On Wed, 2012-04-18 at 12:34 +0200, Michel Dänzer wrote:
> On Mit, 2012-04-18 at 20:20 +1000, Benjamin Herrenschmidt wrote: 
> > On Wed, 2012-04-18 at 10:02 +0200, Michel Dänzer wrote:
> > > 
> > > > GPU lockup appears to be a common problem with the radeon driver.
> > > 
> > > It's what happens when anything goes wrong with the GPU. If it doesn't
> > > happen with agpmode=-1, it's probably an AGP related coherency issue. 
> > 
> > I had some success hacking the DRM to do an in_le32 from the ring head
> > after writing it. Just a gross hack but it seemed to help on a G5.
> 
> AFAICT radeon_ring_commit() does that already:
> 
>         DRM_MEMORYBARRIER();
>         WREG32(ring->wptr_reg, (ring->wptr << ring->ptr_reg_shift) & ring->ptr_reg_mask);
>         (void)RREG32(ring->wptr_reg);
> 
> We added the readback about a decade ago. :)

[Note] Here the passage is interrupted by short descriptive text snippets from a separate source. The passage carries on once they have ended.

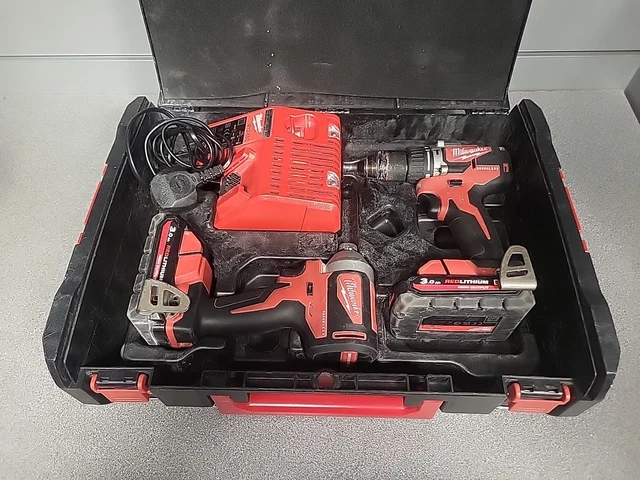 Milwaukee M18CBLPP2F-502C Compact Brushless Combi And Impact Driver Twin Kit 2 X 5.0Ah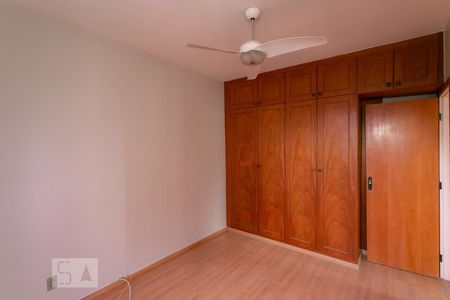 Quarto 1 de apartamento para alugar com 2 quartos, 77m² em Serra - Centro-sul, Belo Horizonte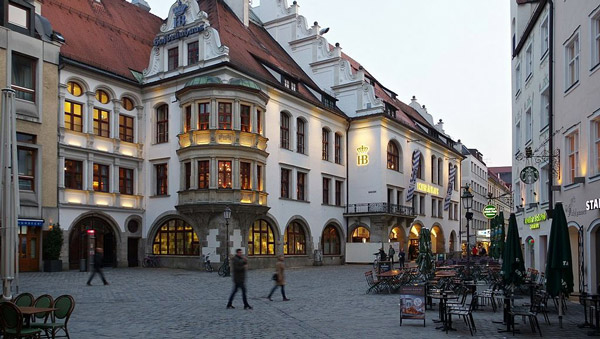 München Platzl 9 Hofbräuhaus BW 2017-03-13 19-12-27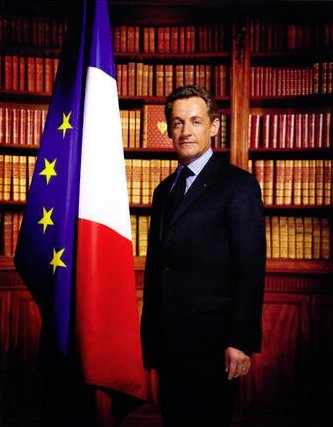 Portrait présidentiel officiel de Nicolas Sarkozy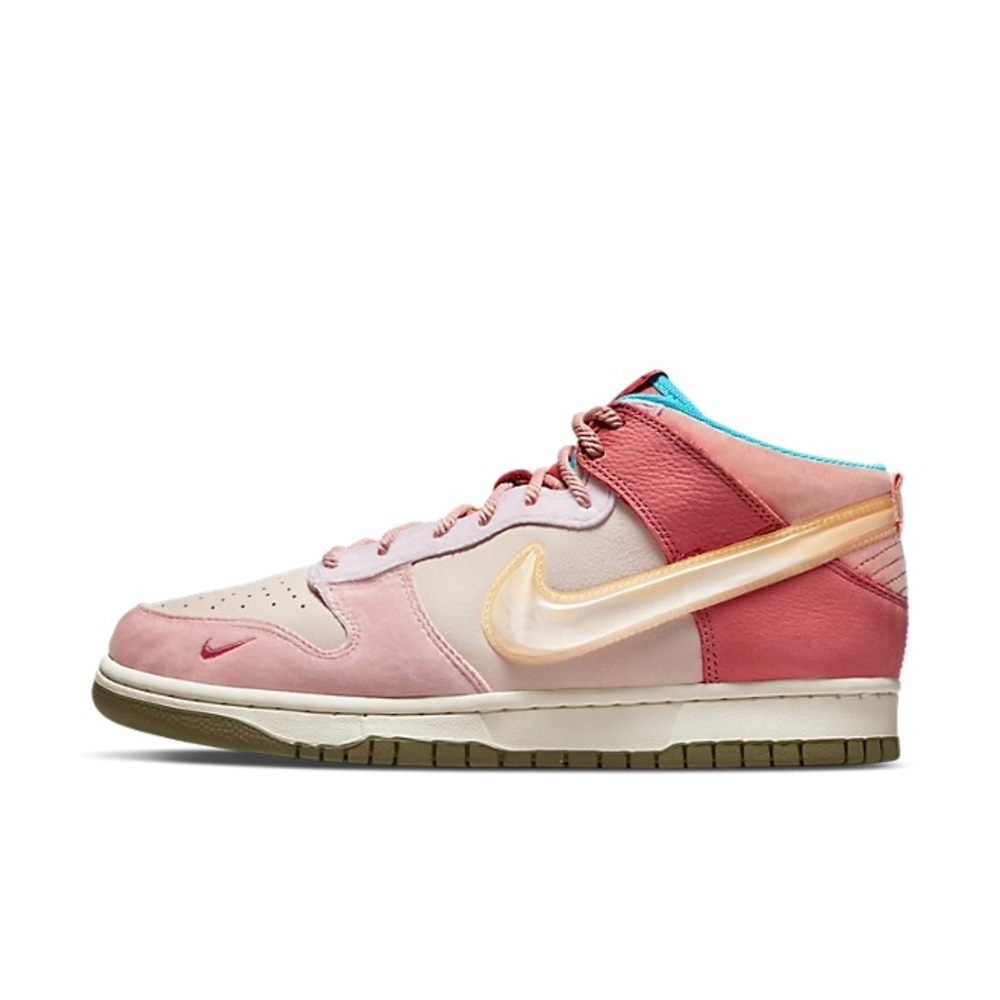 Nike Social Status Dunk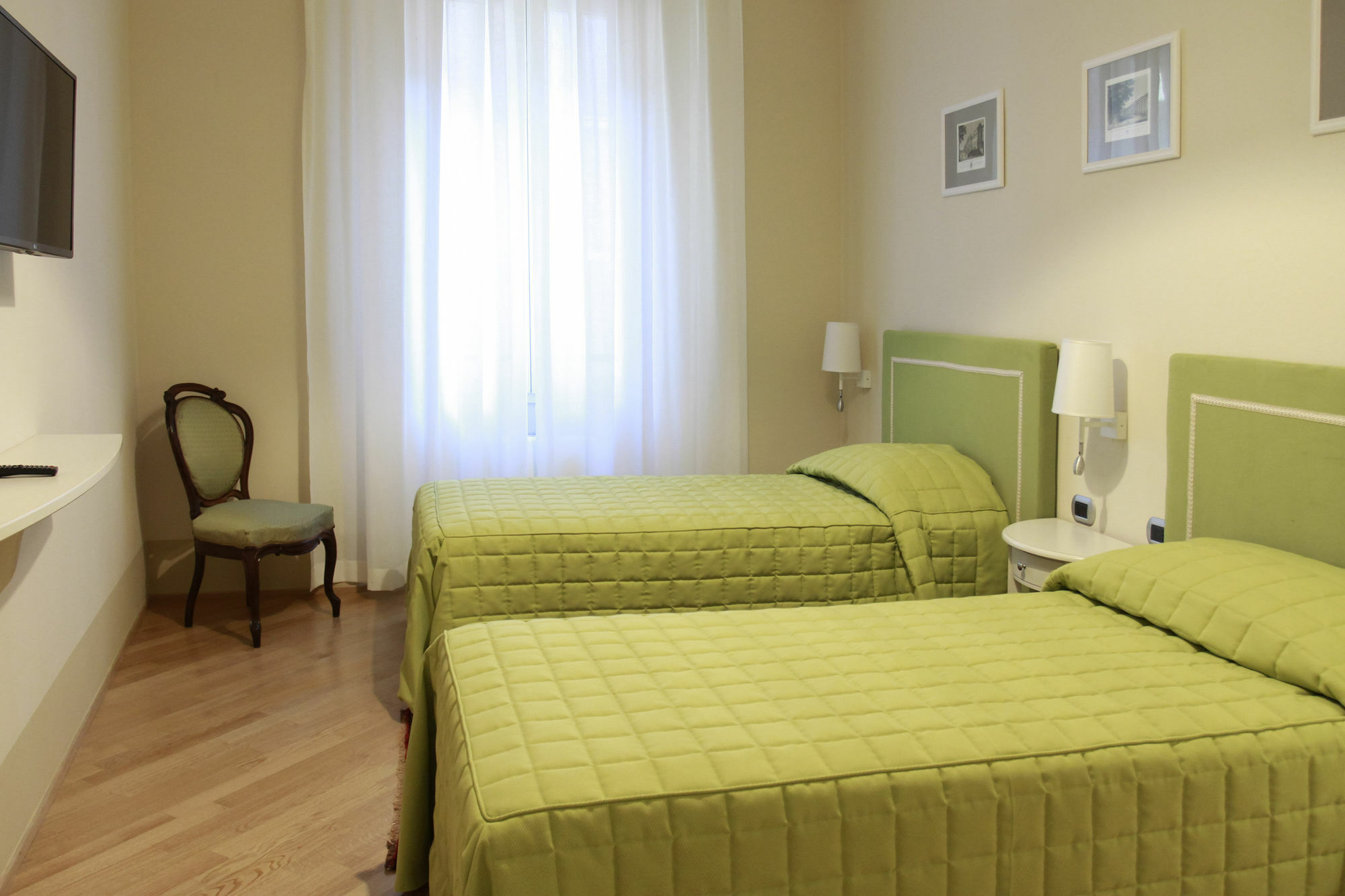 Casa Isolani Luxury Rooms Piazza Maggiore Bologna Exterior photo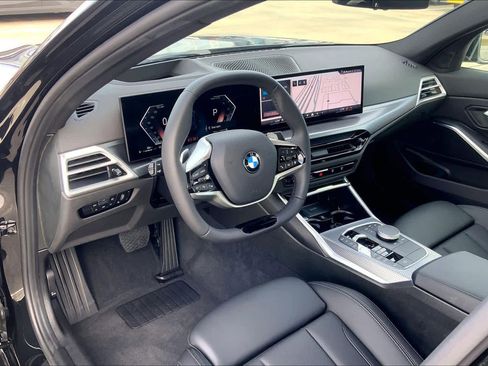 Certified 2025 BMW 330i Sedan image 17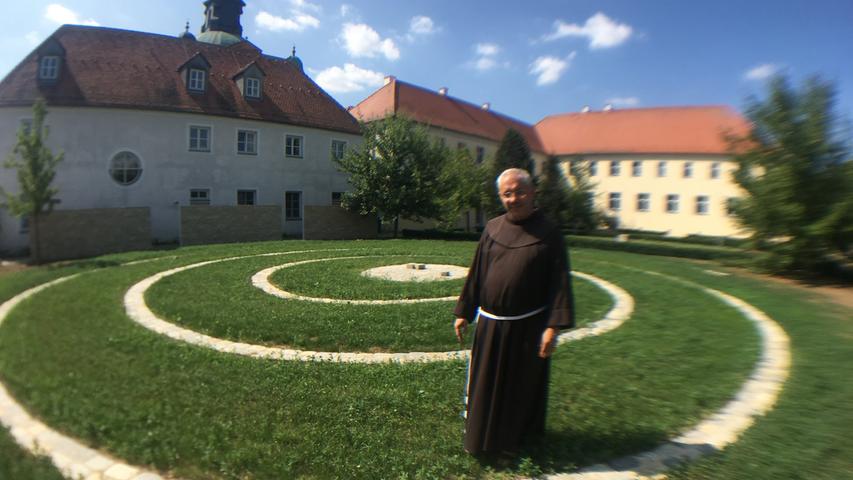 Zuvor trifft "Ede" aber noch Pater Amadeus im Garten des Franziskanerklosters in Freystadt.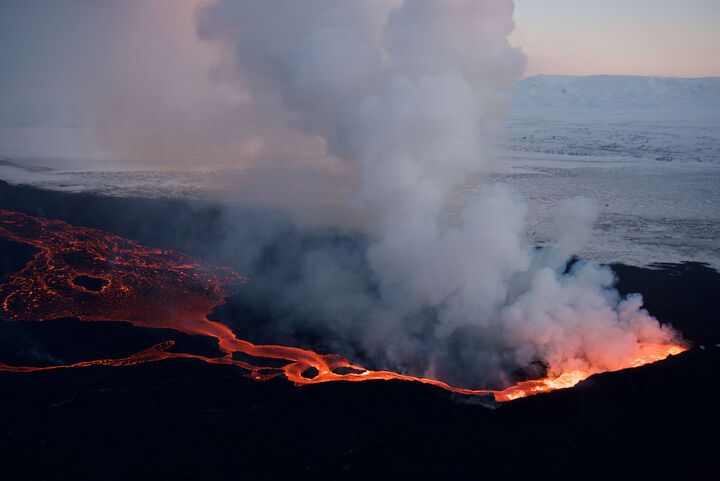 The eruption site at Holuhraun and the immensely long lava flow and active lava field on the 26th of october 2014. Photograph taken by Ólafur Sigurjónsson.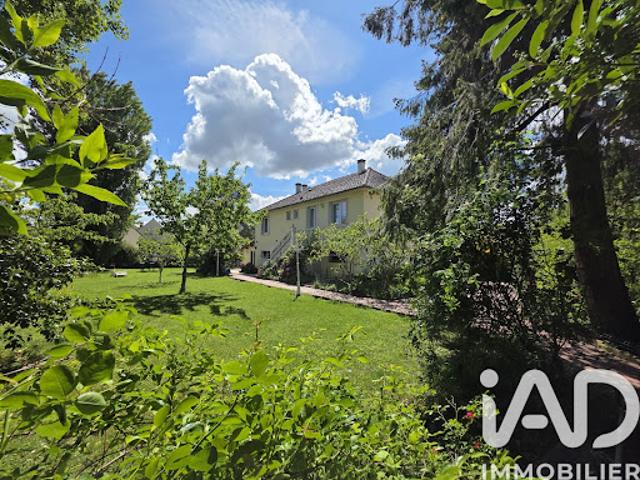 Vente Maison 10 pièces 185 m2 Cernay la Ville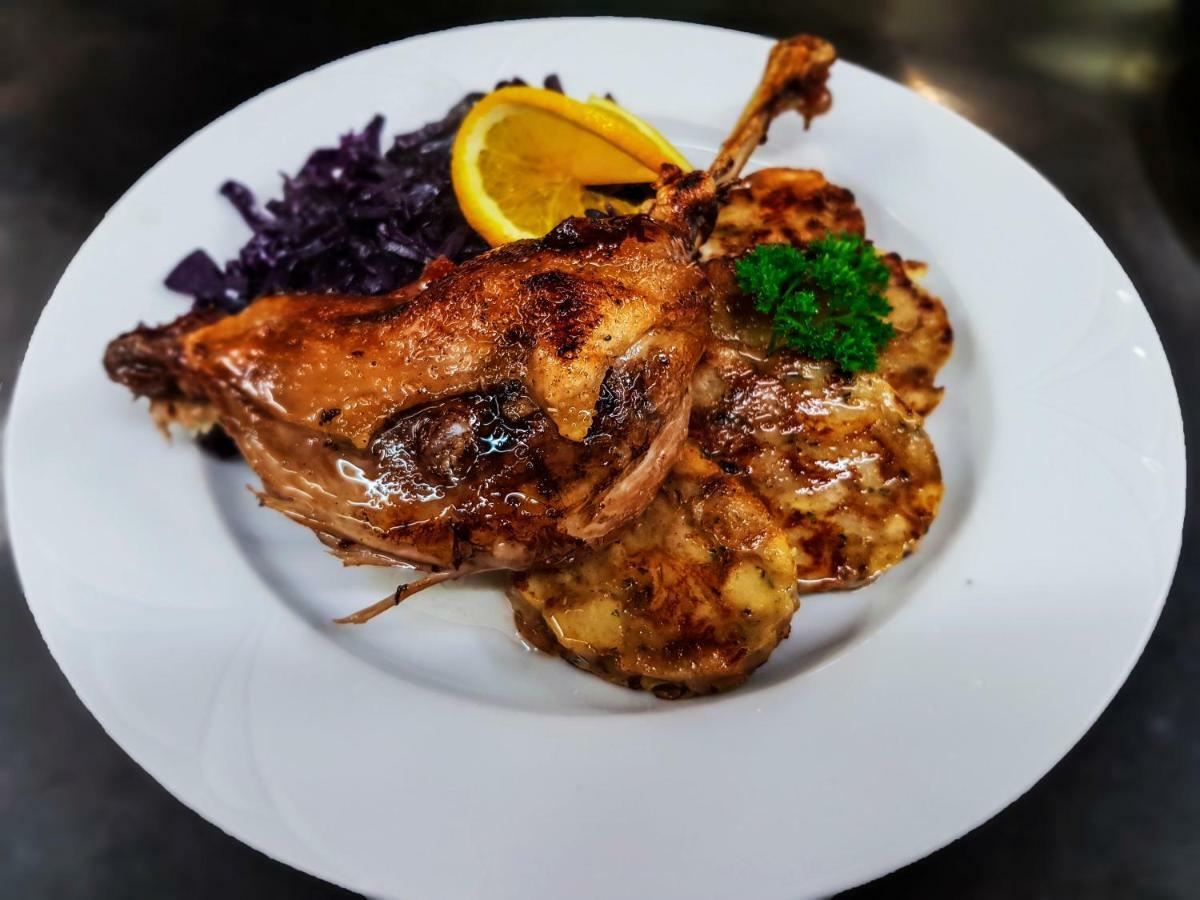 Restaurant Pansion Wien Cierny Brod Luaran gambar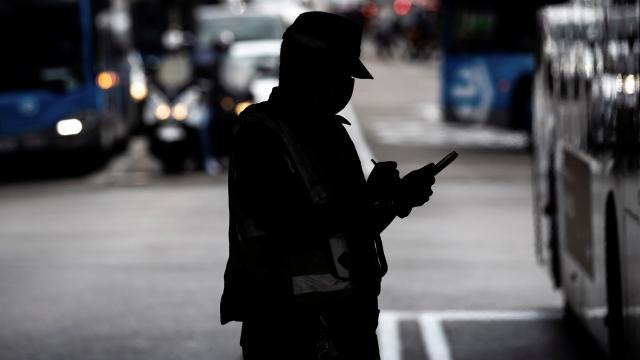 Un agente realiza un control en durante el toque de queda en Madrid.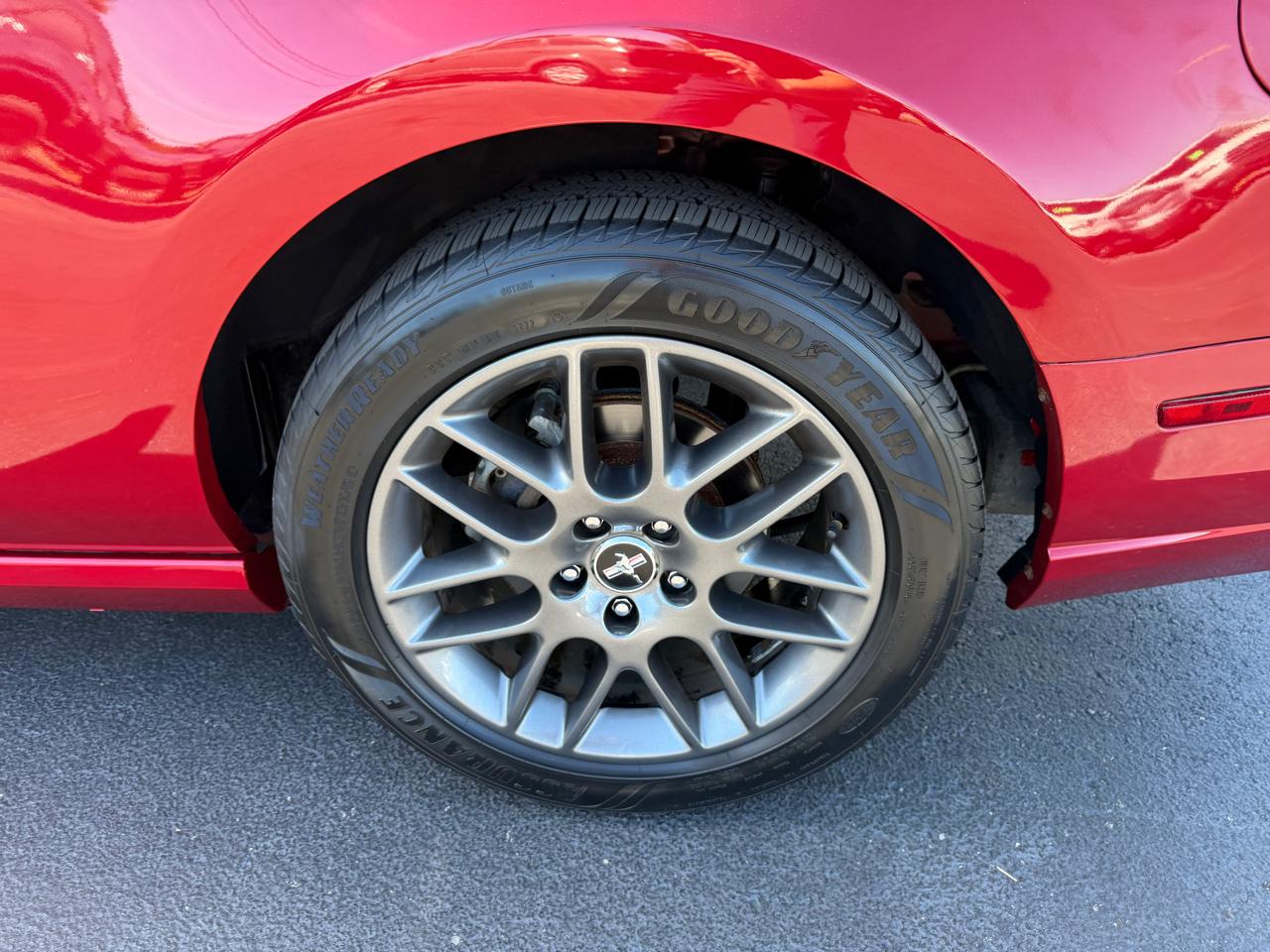 Ford Mustang 2dr Conv Premium 2013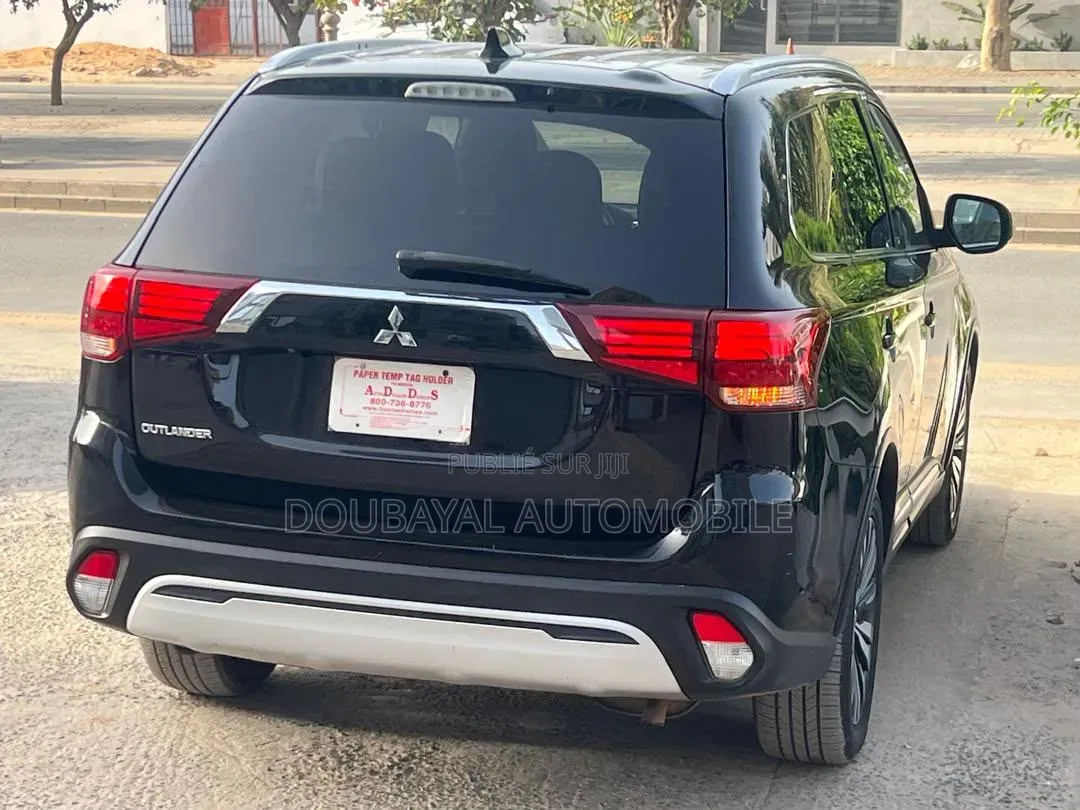Mitsubishi Outlander 2020 Noir Mat
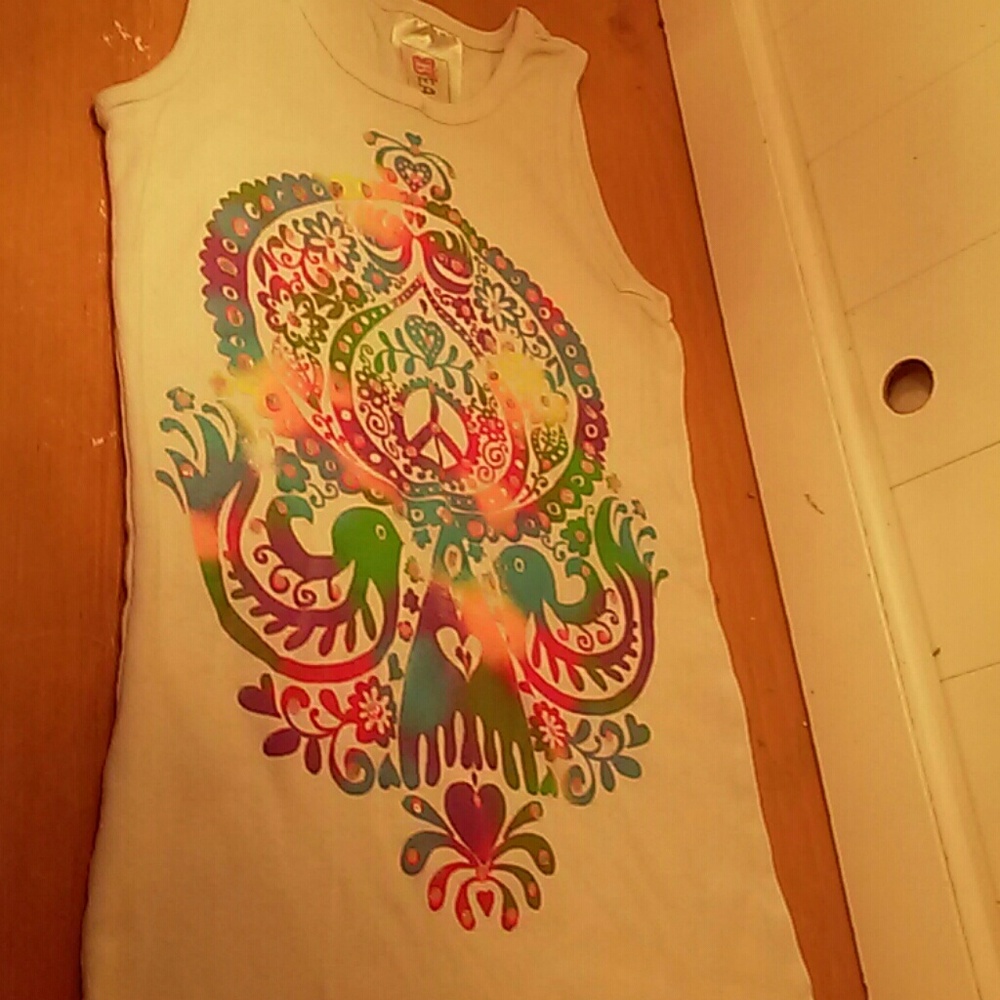 White tank top with pattern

Hrm, I have a different hack in that old tree I was playing with a while
back, let me see...

--- a/drivers/gpu/drm/radeon/radeon_cp.c
+++ b/drivers/gpu/drm/radeon/radeon_cp.c
@@ -2245,6 +2245,9 @@ void radeon_commit_ring(drm_radeon_private_t
*dev_priv)
        DRM_MEMORYBARRIER();
        GET_RING_HEAD( dev_priv );
 
+#ifdef CONFIG_PPC
+       in_be32(dev_priv->ring.start);
+#endif
        if ((dev_priv->flags & RADEON_FAMILY_MASK) >= CHIP_R600) {


I think that my rational was to ensure that all previous stores to
AGP (indirect buffers etc...) were pushed out & ordered vs the ring
wptr update or something like that, bcs I think those path aren't well
ordered in HW. In fact I suspect we might even need a bigger hammer than
that in_be32().

Another hack I had around was removing the SBA reset from agp-uninorth
completely on binding new pages, it seemed to cause hangs.

> > I suspect there's a fundamental design issue with apple bridge in that
> > the CPU to memory path isn't coherent at all with the GPU to memory path
> > ie. even vs. cache flush instructions (ie buffers in the memory
> > controllers can still be out of sync).
> > 
> > Darwin does some gross hacks to work around that, some of them visible
> > in the AGP drivers, some burried in the Apple driver, I don't know for
> > sure. It's possible that they end up mapping all AGP memory as cache
> > inhibited, but we can't do that because of our linear mapping.
> 
> We are doing that though...

Are we really ? I thought we were taking existing cachable RAM objects
and mapping them into the AGP gart. Are we replacing both kernel & user
mappings for those objects with an equivalent cache inhibited mapping ?

I'm not -that- familiar with how ttm works here. In any case it can
cause bus checkstops because the same pages can be prefetched into the
cache via the linear mapping which is covered by BATs (unless you make
your graphic objects HIGHMEM only but good luck with that :-)

To make that work reliably we should disable the BAT mapping so the
linear mapping can then be controlled on a per-page basis (on 32-bit)
and this is complicated .... we have code that more/less relies on the
BAT mapping being there elsewhere. On 64-bit it's even nastier because
we use 16M pages for the linear mapping.

Cheers,
Ben.